| Work instruction |
Would you repeat word for word the lines of the listing that follows, from the one with "PUMA Future 8" up to and including the one with "QR Code for", and leave out the images?

| Source information |
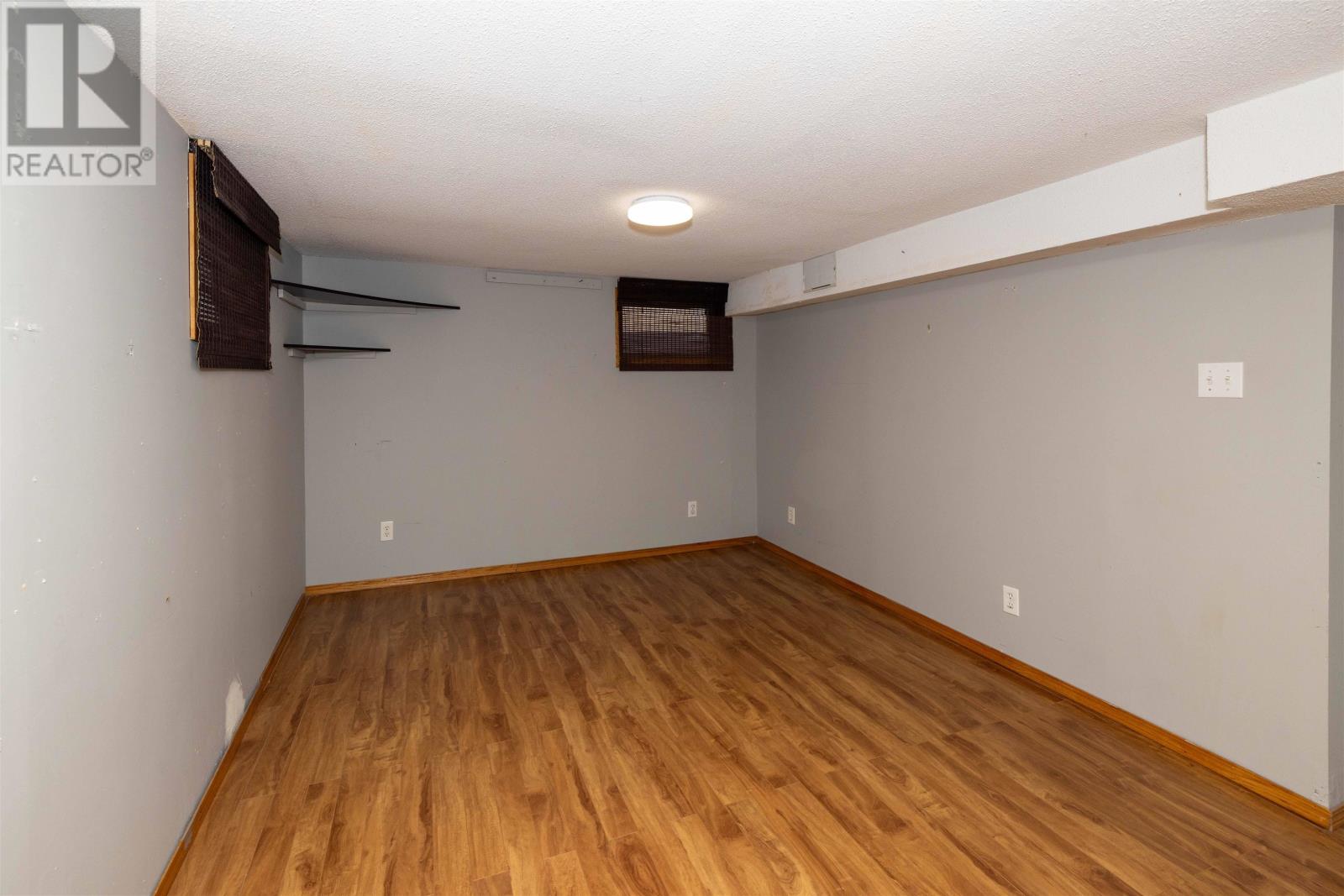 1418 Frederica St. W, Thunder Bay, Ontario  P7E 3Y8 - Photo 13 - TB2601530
--
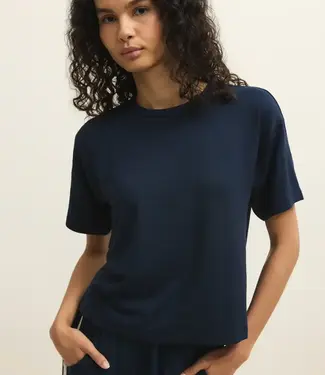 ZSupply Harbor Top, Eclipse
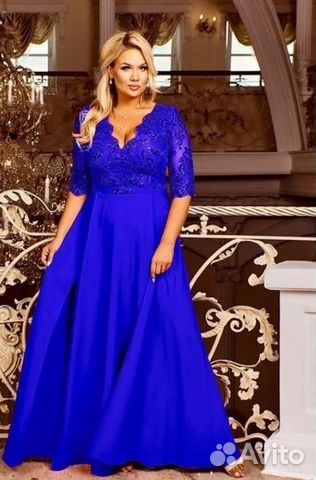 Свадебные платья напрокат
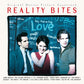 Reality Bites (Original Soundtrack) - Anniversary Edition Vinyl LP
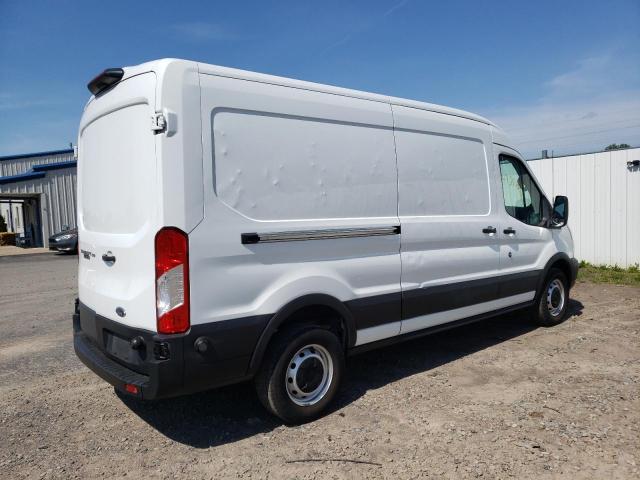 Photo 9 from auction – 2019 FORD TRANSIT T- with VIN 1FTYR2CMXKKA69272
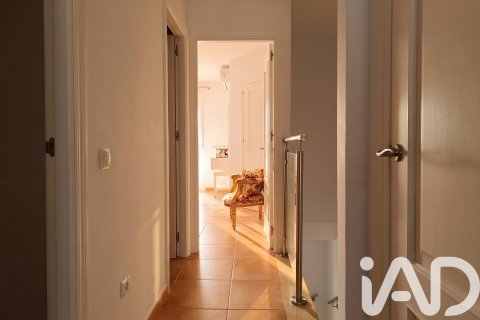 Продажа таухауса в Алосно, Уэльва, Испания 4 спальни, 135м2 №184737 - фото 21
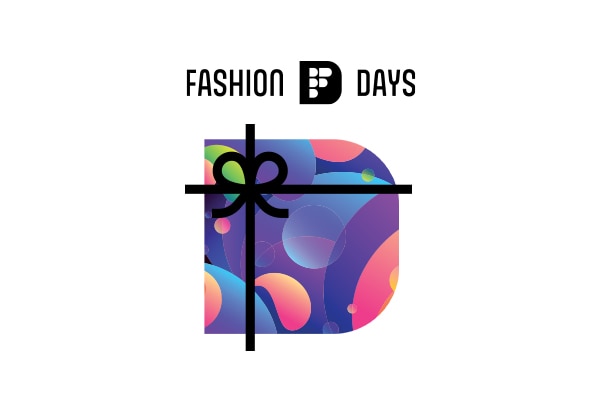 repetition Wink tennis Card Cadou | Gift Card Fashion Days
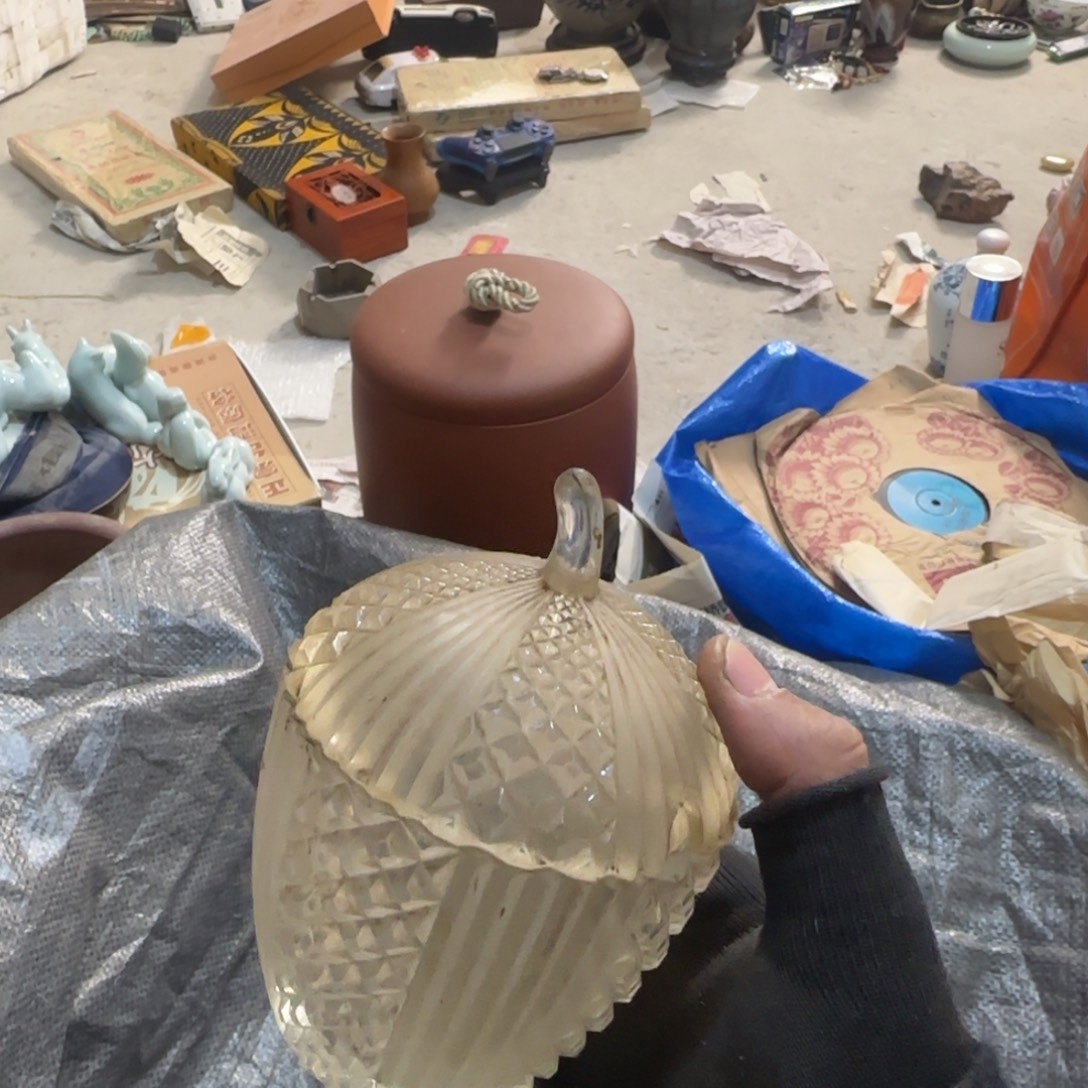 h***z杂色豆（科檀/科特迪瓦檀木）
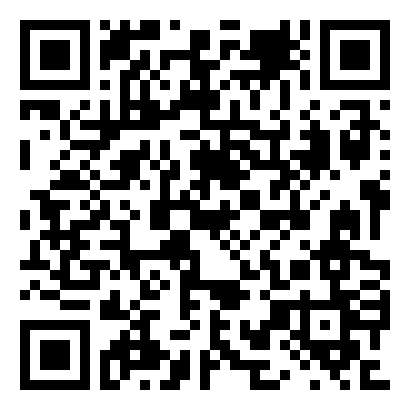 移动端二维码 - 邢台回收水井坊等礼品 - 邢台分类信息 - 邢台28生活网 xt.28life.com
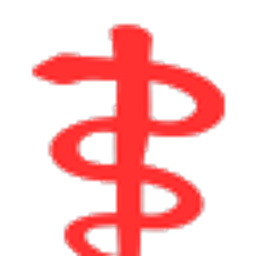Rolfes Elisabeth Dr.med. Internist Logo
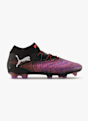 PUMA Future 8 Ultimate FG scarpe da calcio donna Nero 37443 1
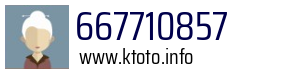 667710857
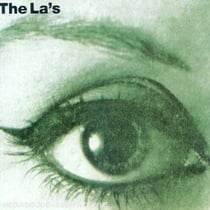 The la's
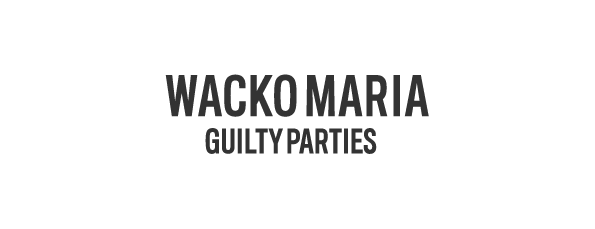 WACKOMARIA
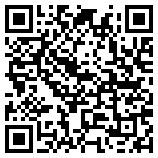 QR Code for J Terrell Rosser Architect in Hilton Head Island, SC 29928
==
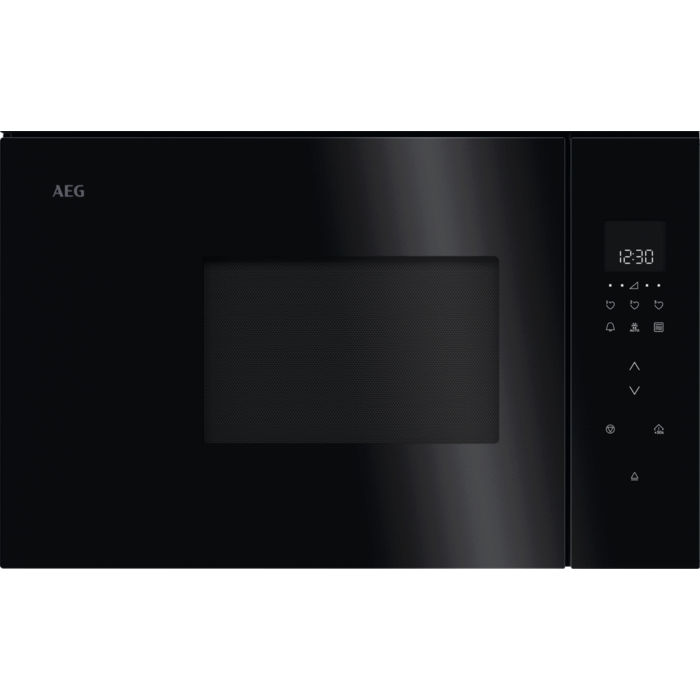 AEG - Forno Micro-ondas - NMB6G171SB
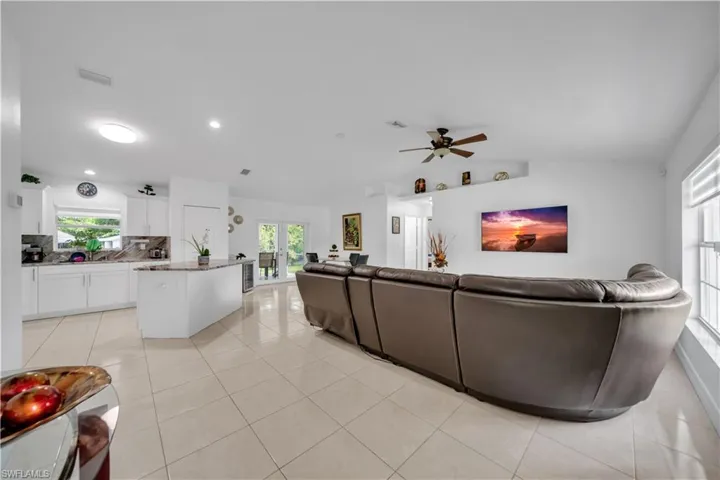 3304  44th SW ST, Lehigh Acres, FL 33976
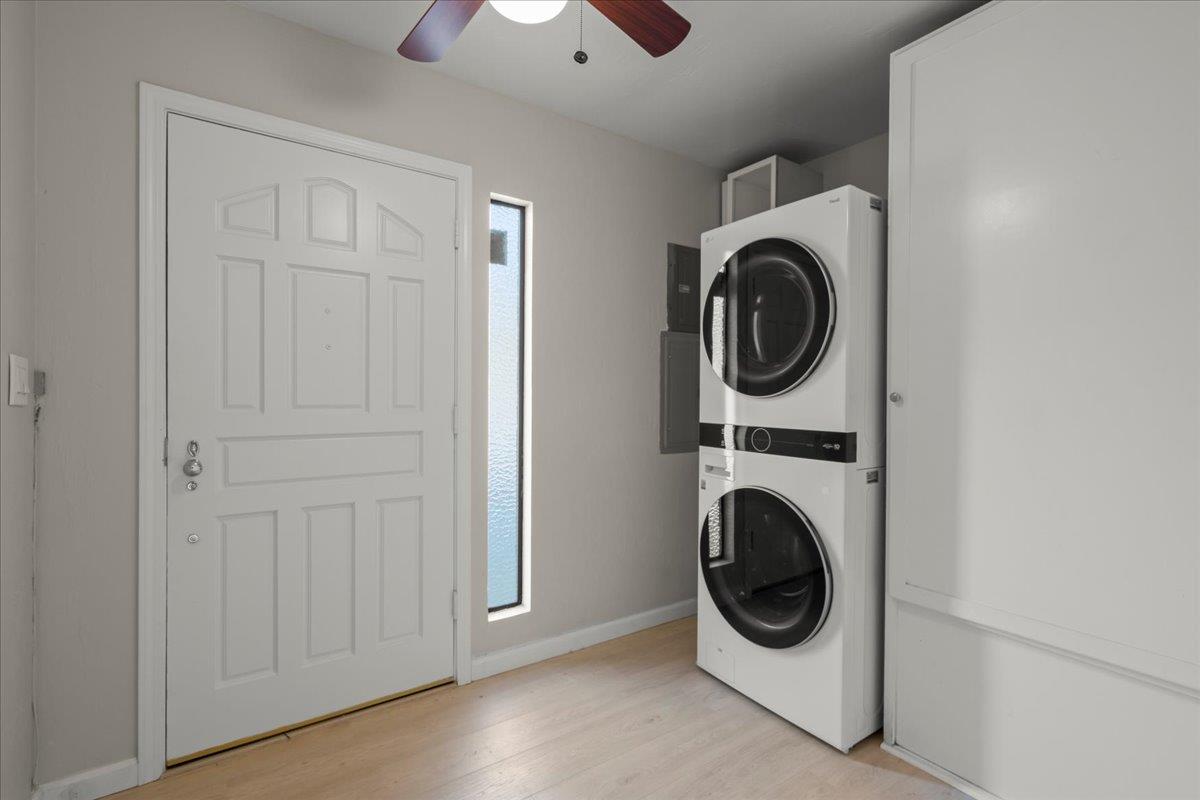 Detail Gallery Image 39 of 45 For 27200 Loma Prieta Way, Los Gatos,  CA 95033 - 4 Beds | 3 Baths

| Answer area |
 PUMA Future 8 Ultimate FG scarpe da calcio donna Nero 37443 1
 667710857
 The la's
 WACKOMARIA
 QR Code for J Terrell Rosser Architect in Hilton Head Island, SC 29928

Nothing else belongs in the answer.